▶ **WHAT IS BEING ASKED**
All lines from the one containing "CTEK MXS 5.0" through the end of the material below are to be printed exactly, both ends included, minus pictures.

▶ **RECORDS SUPPLIED**
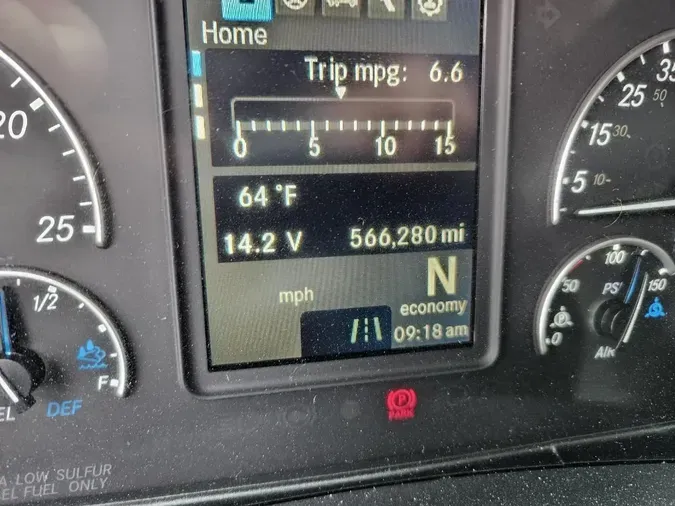 2018 FREIGHTLINER Cascadia 126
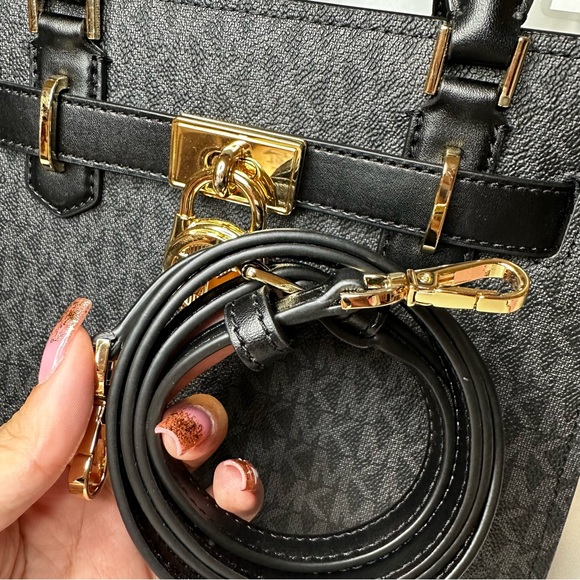 MICHAEL KORS SMALL BAG 💖 - Picture 8 of 8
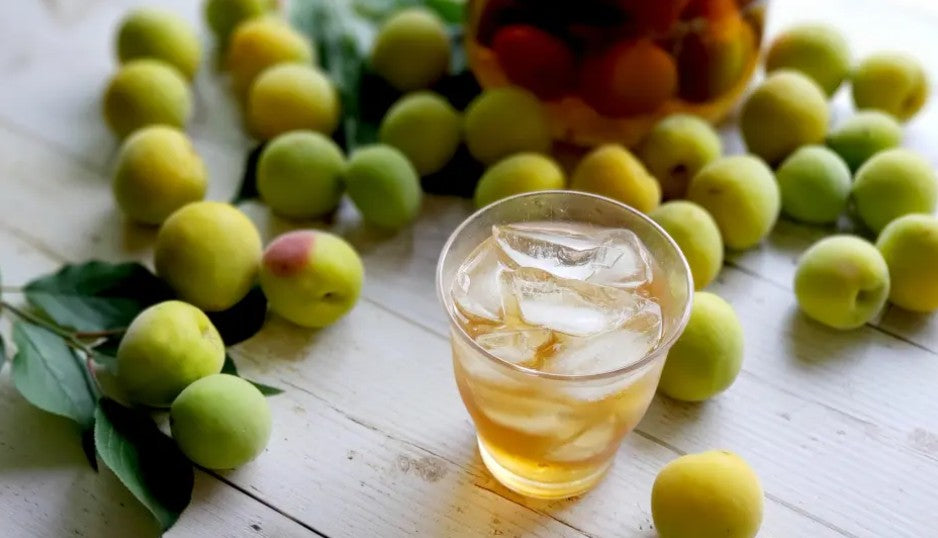 적토마 고급 우메슈 진한 고구마 소주+향기로운 매실이 조화를 이룬 고급 매실주 14도 1.8L 무료배송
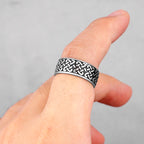 PENDRA Celtic Knot Weave Ring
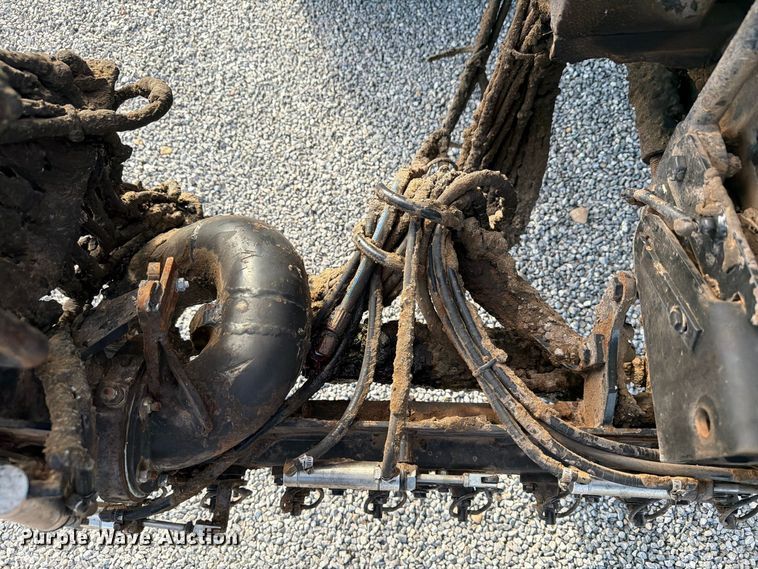 image for item EW7589 2002 GMC C7500 oil distributor truck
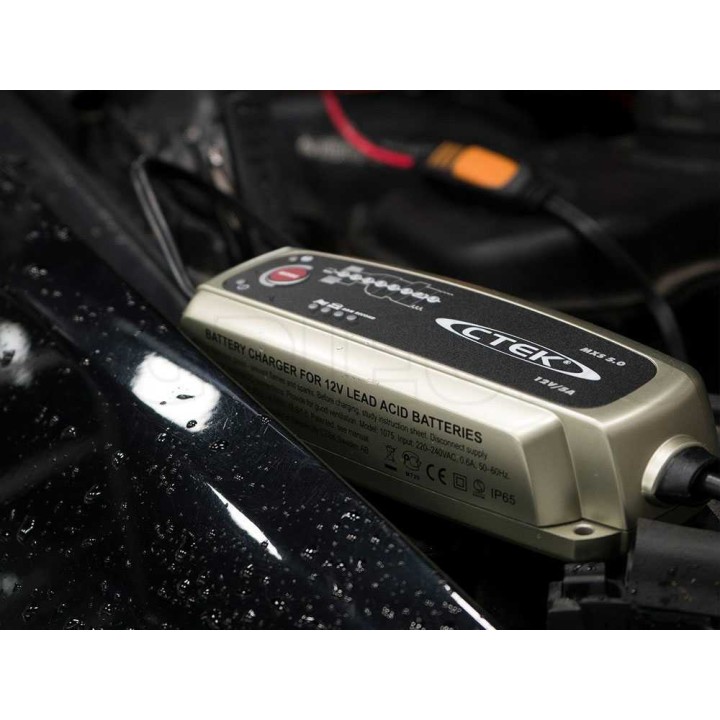 CTEK MXS 5.0 12 V akkulaturi ja ylläpitolaturi, 5 A, 8 vaihetta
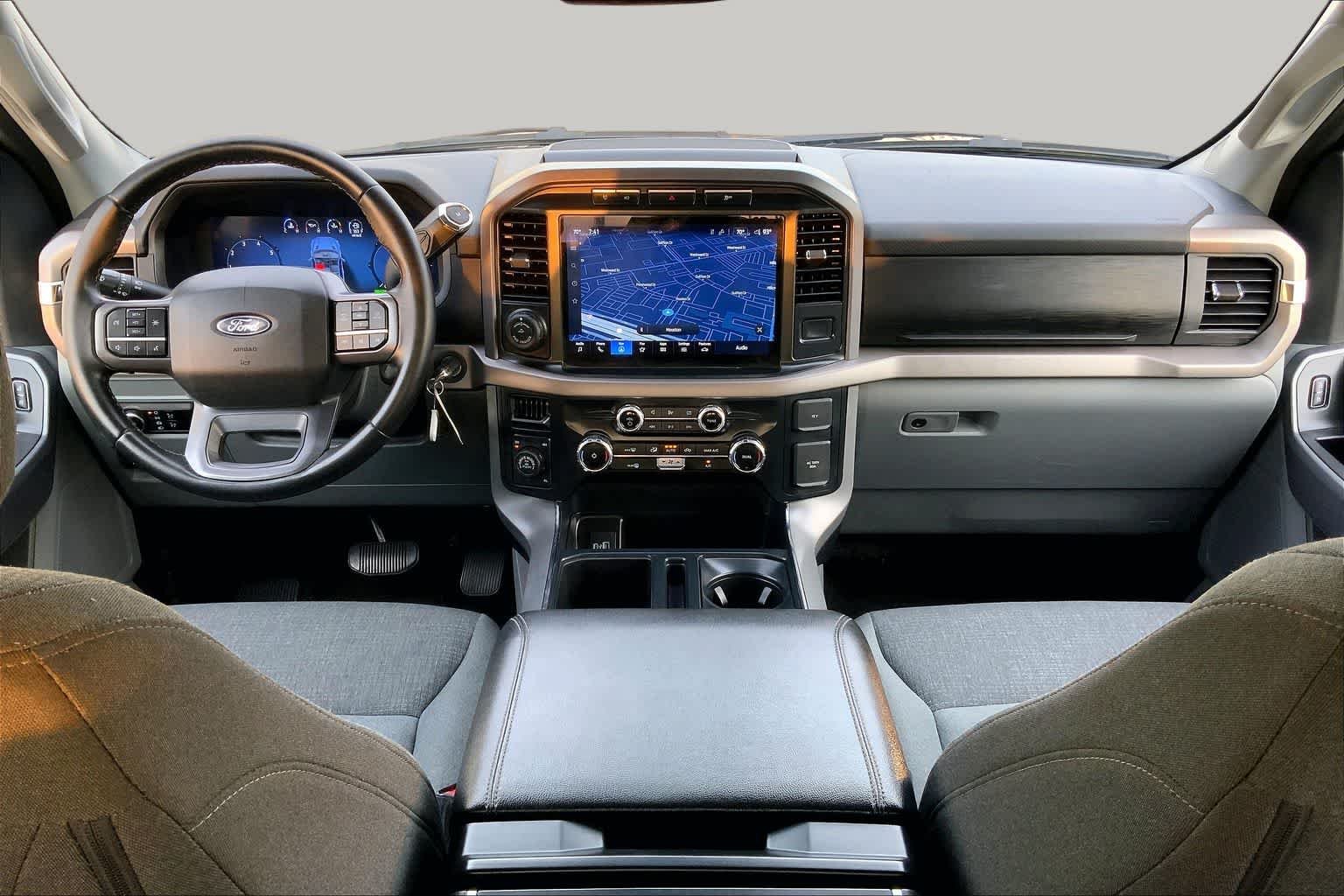 Used 2024 Agate Black Metallic Ford XLT image 16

▶ **EXERCISE RESPONSE**
 CTEK MXS 5.0 12 V akkulaturi ja ylläpitolaturi, 5 A, 8 vaihetta
 Used 2024 Agate Black Metallic Ford XLT image 16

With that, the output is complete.